Lawrence police officers who hold degrees can get extra pay for their educational efforts, but the Douglas County Sheriff's Department doesn't offer such an incentive.
When Capt. Bill Shepard of the Douglas County Sheriff's Department earned his associate's degree this May, it didn't make his paycheck any bigger.
But Lawrence Police Officer Don Hicks will get a raise when he completes his music education bachelor's degree at Kansas University.
The county doesn't pay education incentives to law enforcement officers. But down the hall of the Douglas County Judicial and Law Enforcement Center, the city police department does.
Shepard, who finished a degree he started in 1985 while doing patrol work, says he enjoys his job working for the county and doesn't begrudge police the incremental incentive pay they can earn.
"But we feel like we do the same job, and a lot of time we work hand in hand doing the same job," Shepard said, showing the diploma he earned at Kansas City Kansas Community College.
Sheriff Loren Anderson has asked the county for incentive pay for his employees. He said he requested $54,000 this year to fund an incentive package "very similar" to the police department's. The county said no, Anderson said.
For Shepard, one of the top-ranked officials at the sheriff's department, it's hard knowing he earns less than some city patrol officers drawing incentive pay.
"If you're a young person just starting out, where would you want to go?" the former Marine said.
Finishing what he started
Shepard, a 1962 Lawrence High School graduate, said he always wanted to finish his associate's degree.
But raising a family and doing patrol work made it difficult to find time. The 55-year-old father of five returned to school in fall 1998.
Shepard said that if he were younger, just starting out, incentive pay might encourage him to take the next step -- a bachelor's degree.
No down side to degree
Education incentive pay is a welcome perk, said Hicks, who began work in 1986 on a bachelor's degree in music education.

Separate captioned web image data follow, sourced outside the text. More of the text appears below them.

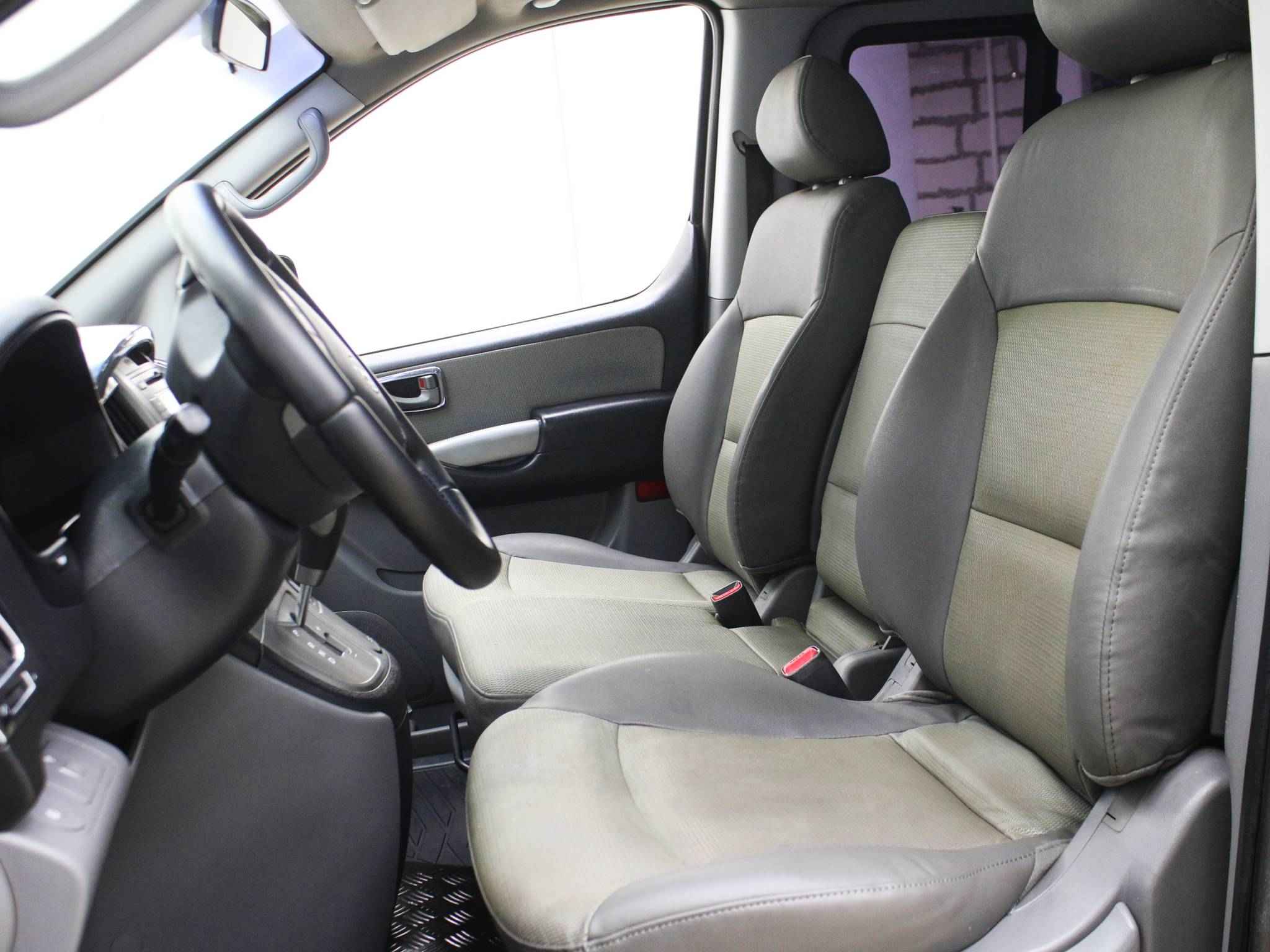 Hyundai Grand Starex, I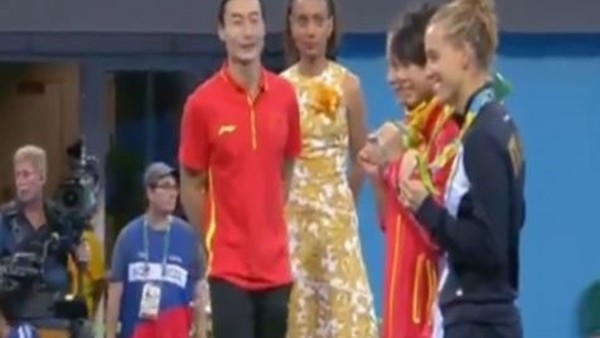 Hem madalyayı kaptı, hem yüzüğü taktı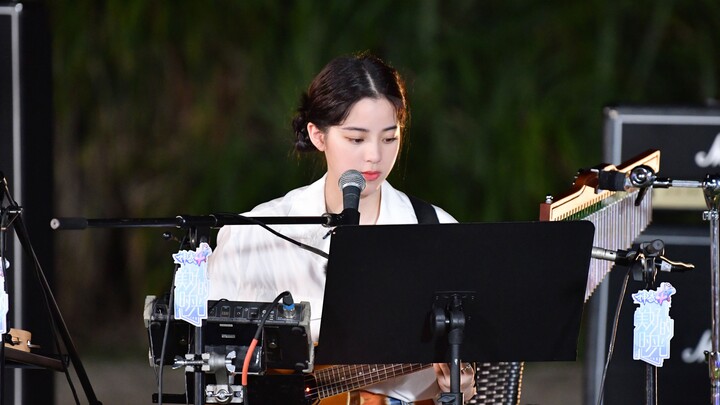 [Ouyang Nana Music] Ouyang Nana and Li Ronghao sing "I'm a Fish"
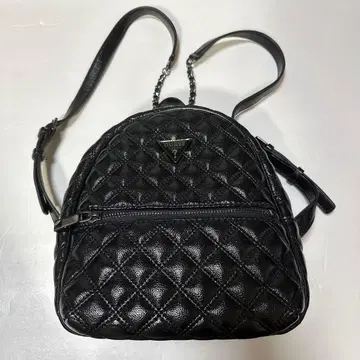 GUESS 퀼팅 미니 백팩 블랙 체인 로고 플레이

"I don't like starting something and not finishing it," he said.
Some might question the city rewarding a police officer for studying music, Wheeler said. But the study is put to use by the department, he said. Hicks, a trumpet player, is in the police honor guard and plays taps at various ceremonies. He also serves in the Army Reserve Band.
Hicks also wants assignment someday as a school resource officer for the department. He said he thinks a music education degree would serve him well in that position.
"There's no down side to Hicks getting his degree," Wheeler said.